The screen in front of you invites you to pour things into it. A blank ‘piece of paper’ that scrolls for as long as you would like it to scroll. A ‘white box’ that goes on and on into forever.

The little white box with its infinite capacity has few boundaries, few rules, no capacity boundaries. It is a hungry beast, sucking up whatever you can pour into it.

The internet is an endless beast, giving you the illusion of infinity.
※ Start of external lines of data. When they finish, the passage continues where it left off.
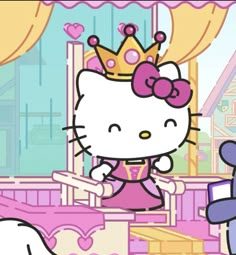 the hello kitty is playing with her stuffed animal friend in this cartoon character's bedroom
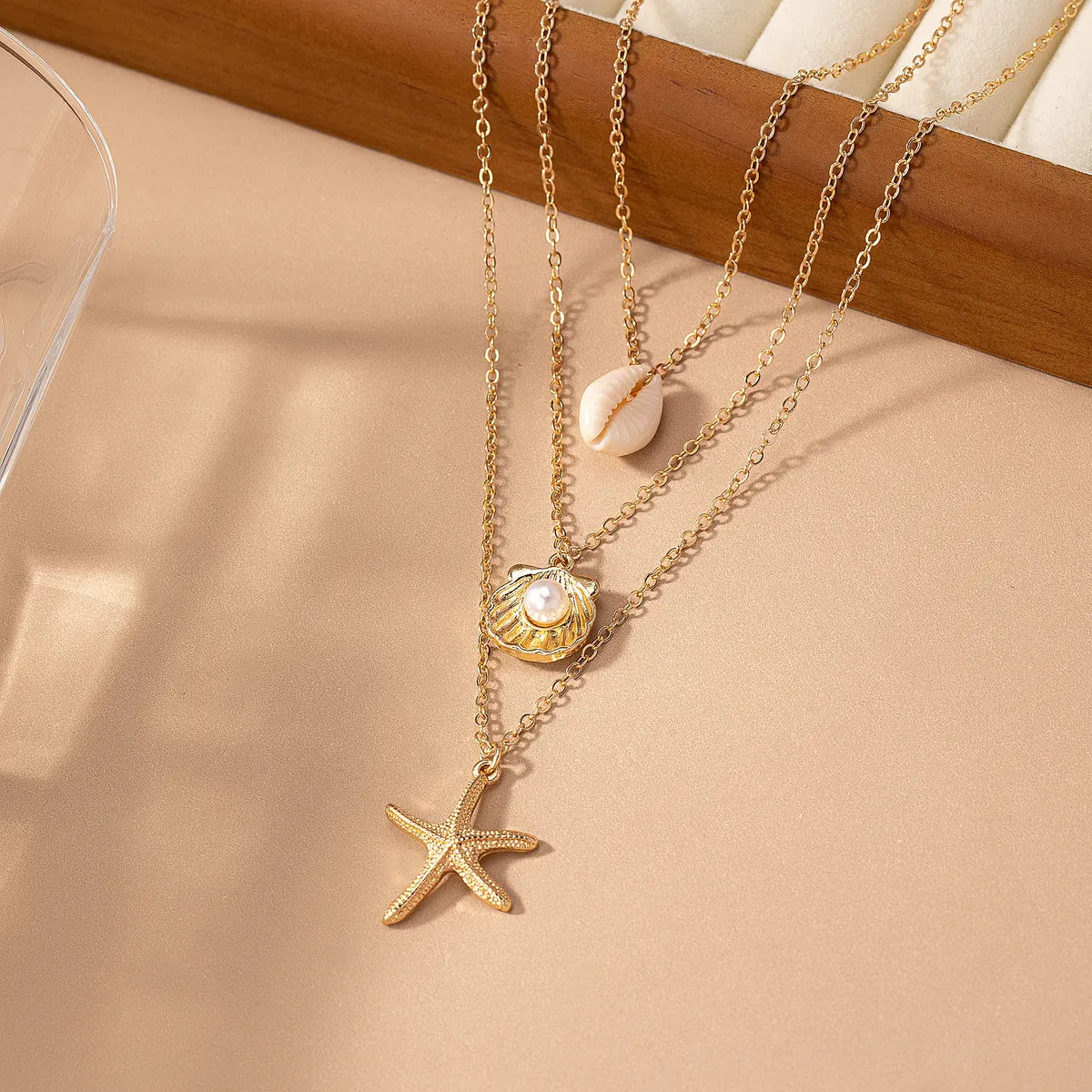 Women’s chic necklaces-Vacation Beach Starfish Shell Alloy Shell Women's Three Layer Necklace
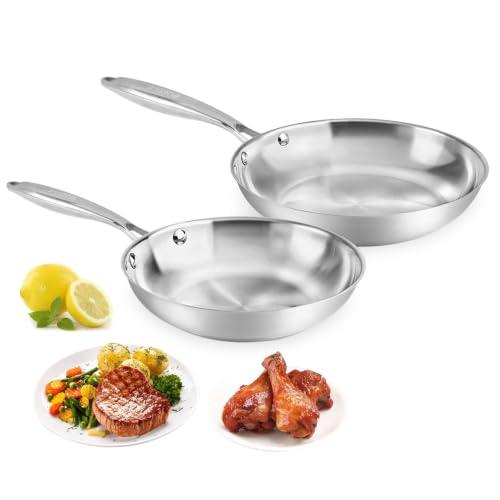 Image of Suteck Tri-Ply Stainless Steel Frying Pan Set 2 Piece 8 & 10 Inch, 304 Food Grade Stainless Steel Pan Non Toxic, Induction Compatible Frying Pan Set, Oven & Dishwasher Safe 500°F Cookware Set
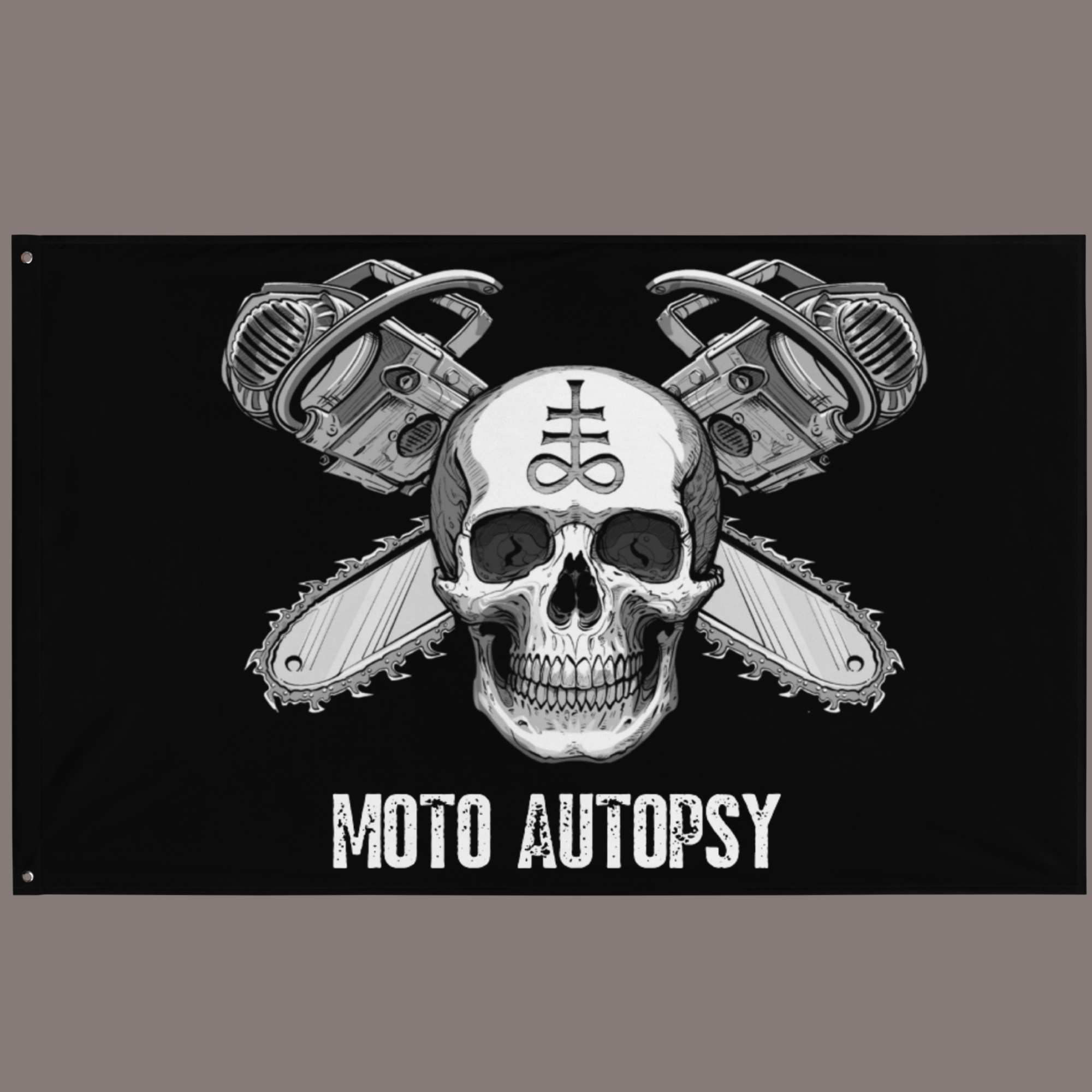 Moto Autopsy Chainsaw Logo Flag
Its depth is unfathomable. Its content floats briefly, in the shining light of whatever sun you can reflect onto it, before it becomes water-soaked. Then, sodden, it sinks below the surface, hovering slightly, before gently, silently, sinking away into the blackness beneath. Occasionally, an enterprising fisherman with a well-honed hook, a specific type of net, will come along and catch what you wrote, and bring it back to the surface. Then, having smiled at it briefly, will let it go, where it will again sink back into the infinite depths.

The internet seems like it has no boundaries. An ocean that touches all lands, the people in the lands valiantly try to sift out the bits and pieces they don’t want being found by their fishermen. They put deep-sea nets in place, hoping to catch whatever it is they wish to catch. But if you’re an enterprising fisherman, you know the waters to travel to, know the nets to use to catch it, and can bring it to the surface, smile at it, and let it go.

Working in a digital environment gives you the illusion of infinite space, of infinite time. Its paradox is that because everything sinks into the dark, deep, murky chasms underneath, it makes you feel like there isn’t time enough.

More, more, more, more, more.

Faster, faster, faster, faster, faster.

As often as you can. And then, more often again.

Its infinite feel, touch, taste, gives you the sensation that it is like air. All around you. Invigorating.

Free.

If your blank ‘piece of paper’ could only ever hold 1000 words and cost you $56 per piece, would you say everything or only what you needed to say?

If your ‘white box’ didn’t scroll forever, would you use your language more carefully, refusing to bloat the world with meaninglessness and sloppy thinking?

If your workplace didn’t have endless capacity for email, or online messages, or website content, what would you do differently?

If you read material in print, what would it do to your valuation of that material?

Bloat isn’t the only problem when you are faced with infinity. It’s how it defines the relationship you have with what you’ve got.